I had always thought that hours at home spent not working or reading were a waste of time, and that leisure was best understood as a verb: traveling or going to a party or an exhibition or a park. As a freelancer, I had framed the hours I spent per week on minutiae or the time I spent in bed ill during winter as time I had squandered, since time equaled money, productivity, self-improvement. Held up to the light, this attitude felt repellent. "Philosophy" and the pandemic itself felt like a first step in battling it.

It has been tempting, months into self-isolation, to abandon ship and try to snap my old life back into place. In Berlin, where I’m based, the restrictions have been eased, and during this sudden surge of optimism, I’ve had to resist old comforts: hugging a friend, sharing a cigarette. Life reassuming its old shape overnight, my long-held wish, seems increasingly unlikely. I can no longer use the outside world — the outdoors, other people, public spaces — for magic.
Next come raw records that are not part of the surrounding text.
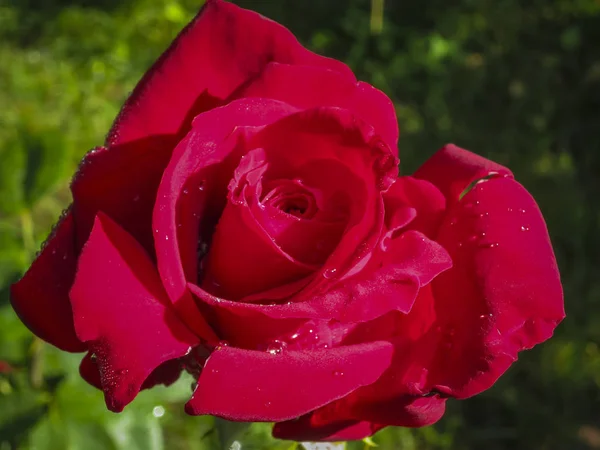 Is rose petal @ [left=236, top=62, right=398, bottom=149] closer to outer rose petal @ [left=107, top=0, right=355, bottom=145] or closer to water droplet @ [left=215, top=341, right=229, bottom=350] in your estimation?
outer rose petal @ [left=107, top=0, right=355, bottom=145]

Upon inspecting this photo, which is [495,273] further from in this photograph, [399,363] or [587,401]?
[587,401]

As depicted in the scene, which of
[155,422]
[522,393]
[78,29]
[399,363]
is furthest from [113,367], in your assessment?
[78,29]

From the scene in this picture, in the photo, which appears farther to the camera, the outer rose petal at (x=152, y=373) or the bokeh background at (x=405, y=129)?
the bokeh background at (x=405, y=129)

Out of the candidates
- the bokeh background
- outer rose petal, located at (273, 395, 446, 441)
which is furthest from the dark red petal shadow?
the bokeh background

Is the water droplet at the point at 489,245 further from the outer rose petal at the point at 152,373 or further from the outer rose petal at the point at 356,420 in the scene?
the outer rose petal at the point at 152,373

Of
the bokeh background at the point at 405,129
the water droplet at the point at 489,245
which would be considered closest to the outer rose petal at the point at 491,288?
the water droplet at the point at 489,245

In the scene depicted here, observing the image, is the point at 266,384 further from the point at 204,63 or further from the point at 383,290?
the point at 204,63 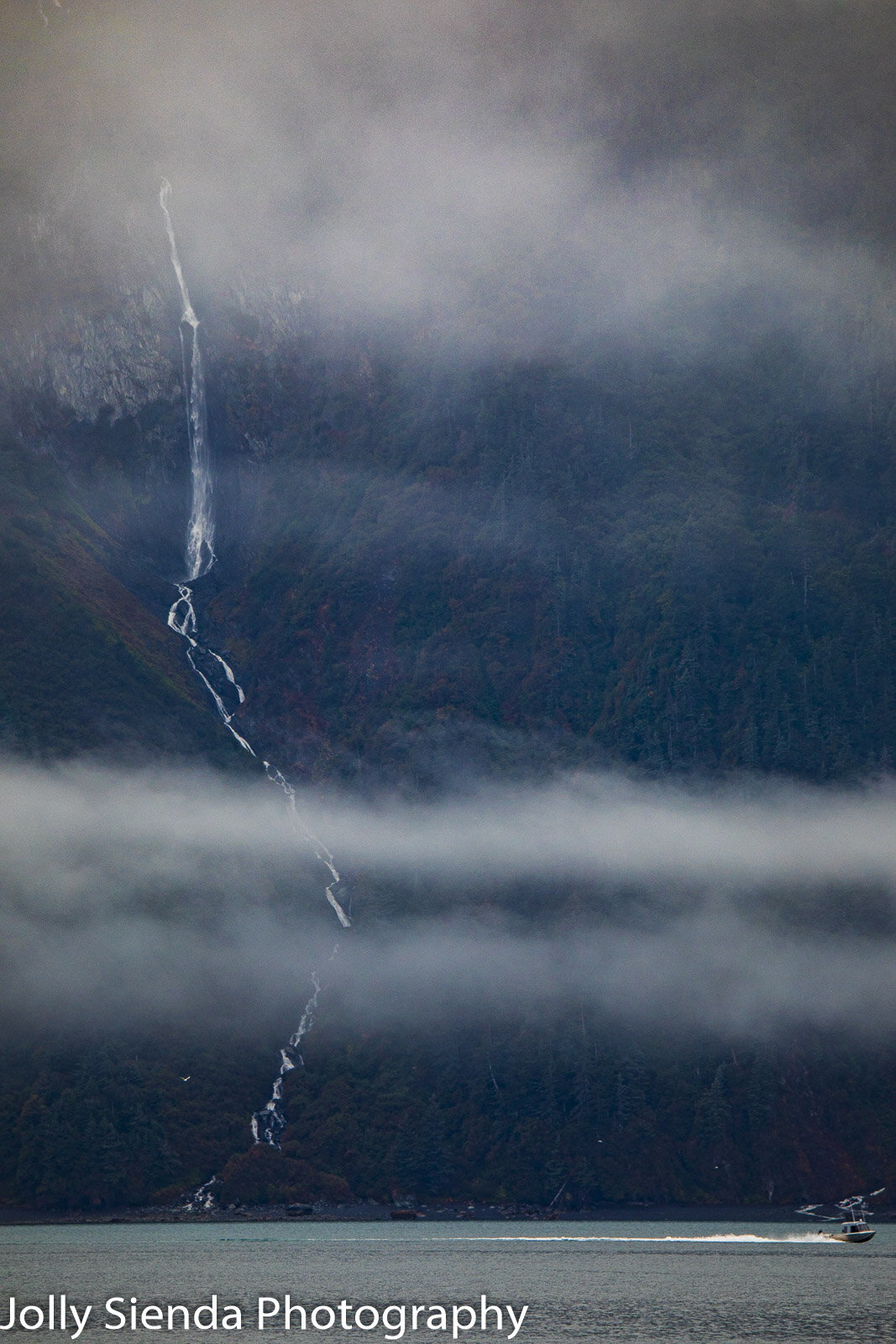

Reading "Philosophy" reminded me of an obvious truth: I don't need to go outdoors or online to have fun. I didn't metamorphose into a "Philosophy" personality overnight, but I did start sketching out a very silly board game and eating ice cream for breakfast on days when it felt particularly hard to get out of bed. I now maintain a diary-scrapbook mash-up and have traded my leggings for evening wear. Post-"Philosophy," sometimes I now forget about my laptop for a few hours, lose my phone down the side of the sofa and forget about its whereabouts till morning. For the first time in months, life has started to feel a little lighter.

Sophie Atkinson is a British writer and editor.